Last Tuesday, legendary composer and soundsmith Ryuichi Sakamoto passed away at the age of 71. While Sakamoto is known in his own right through his prolific work as a soloist, some of his most enduring works come as a result of his membership in seminal electro-pop group Yellow Magic Orchestra. This is for good reason.

Before the scores he wrote for Brian De Palma, Bernardo Bertolucci and Pedro Almodovar, before countless underrated reinventions of new wave, trip-hop and funk, before the avant-garde segues into minimalism and ambient music, before the original compositions for cellphones and Olympic ceremonies, before a career of electro-pop so spidery and precise that it couldn’t be confused for anyone else’s handiwork, there is “Firecracker”: a singular, perfect pop song. Yet one of the most fascinating histories of this song is one of the most elusive: It’s actually a cover!

Released in 1959, American composer Martin Denny’s “Firecracker” is a song so chintzy and orientalist that hearing it today conjures horrific flashbacks to Mickey Rooney’s yellowface visage in Breakfast At Tiffany’s two years later. Denny was a godfather of “exotica,” a subgenre of lounge and pop music fueled by mid-century America’s fetishization of the South Pacific, East Asia and elsewhere. Music scholar Shuhei Hosokawa classified it as “a fantasy of travel” designed to relax listeners as they drifted off into an imagined paradise.

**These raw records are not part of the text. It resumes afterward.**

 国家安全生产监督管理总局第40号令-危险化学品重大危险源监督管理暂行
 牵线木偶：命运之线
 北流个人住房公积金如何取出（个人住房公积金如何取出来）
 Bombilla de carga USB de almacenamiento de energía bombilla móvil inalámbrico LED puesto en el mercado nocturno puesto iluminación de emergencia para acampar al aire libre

The plucky percussion and swooning bass strings of the original “Firecracker” feel like the soundtrack to an Elvis Goes to Japan movie that was never released, or perhaps an ill-advised bachelor party hosted by Justin Trudeau. As a random Rate Your Music user writes in a comment box for Denny’s Quiet Village, “if you [didn’t] yet have colour tv i can see this being hot stuff.”

Yellow Magic Orchestra’s flip of Denny’s song into an instant classic is one of electronic music’s great miracles. Sakamoto notably took humor at the song’s absurdly fake, stereotypical image and decided to do it one better by giving it even more gloss. Assisted by bandmates Haruomi Hosono and Yukihiro Takahashi, “Firecracker” crackles to life by mixing live drums, synthetic chirps and funky keys into an unstoppable groove. The chord progression from Denny’s original is unmistakable once you’ve heard it, but the new version adds spooky bridges, luxurious piano solos and a barrage of vintage synth work to make it a creature unto its own. 

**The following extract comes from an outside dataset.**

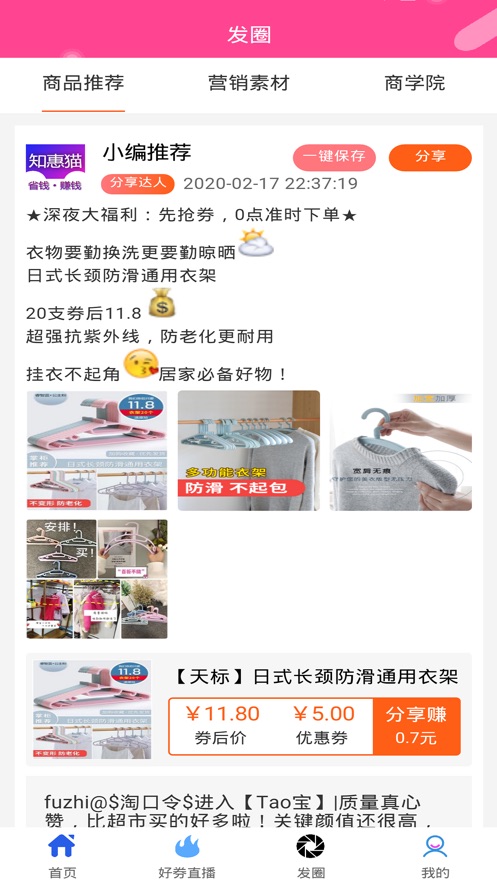 知惠猫  v1.0图3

While “Firecracker” is very much a record of its time, its influence is profound. The song found an audience everywhere from Soul Train to the pop charts, cracking Top 20 in the UK, although merely cracking the Top 100 in the US. Synth-pop acts from Duran Duran to Gary Numan have claimed YMO as an influence, and you can hear the “Firecracker” wiggle in everything from Pet Shop Boys to Madonna.

Both Michael Jackson and Eric Clapton would go on to cover the band’s 1979 classic “Behind The Mask.” This legacy makes Yellow Magic Orchestra’s contributions just as relevant to electronic music’s early development as Kraftwerk and Giorgio Moroder’s contributions around the same time. Much like how Filipino fast-food chain Jollibee recently opened its first location in Spain, Denny’s imperial aspirations bear a delicious irony now that YMO’s “Firecracker” has endured far beyond his creation.

Pop history is frequently defined by moments of artistic appropriation, sometimes even vandalism. A sample of a Rolling Stones rearrangement has the power to turn a Britpop song into a classic three decades later. Countless disco and pop classics have been flipped into even better rap songs. At its worst, this zone of exchange can produce sonic war crimes, such as David Guetta and Bebe Rexha’s recent defilement of an Italian techno classic. At its best, you have triumphs of pop creativity: moments that transcend time, place and genre. “Firecracker” is one such moment. Although this would be far from the last time Sakamoto would master his medium, it showcases a magic touch that bears a dual understanding of both the warm and the robotic, the tacky and the sublime. This instinct is part of what makes Sakamoto one of modern music’s great masters, and it ensures a legacy that will last far beyond his passing.